Stored items from a collection:
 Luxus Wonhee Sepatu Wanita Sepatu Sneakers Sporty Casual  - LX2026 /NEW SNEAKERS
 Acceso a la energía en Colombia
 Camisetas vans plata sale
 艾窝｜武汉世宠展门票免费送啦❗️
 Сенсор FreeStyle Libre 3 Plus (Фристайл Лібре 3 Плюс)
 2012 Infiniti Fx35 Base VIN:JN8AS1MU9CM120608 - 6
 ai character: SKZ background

» **Exercise instructions**
Exact copies of the line containing "Camisetas vans plata sale" and of every line after it through the end of the entries are all that should be output.

» **Solution for this exercise**
 Camisetas vans plata sale
 艾窝｜武汉世宠展门票免费送啦❗️
 Сенсор FreeStyle Libre 3 Plus (Фристайл Лібре 3 Плюс)
 2012 Infiniti Fx35 Base VIN:JN8AS1MU9CM120608 - 6
 ai character: SKZ background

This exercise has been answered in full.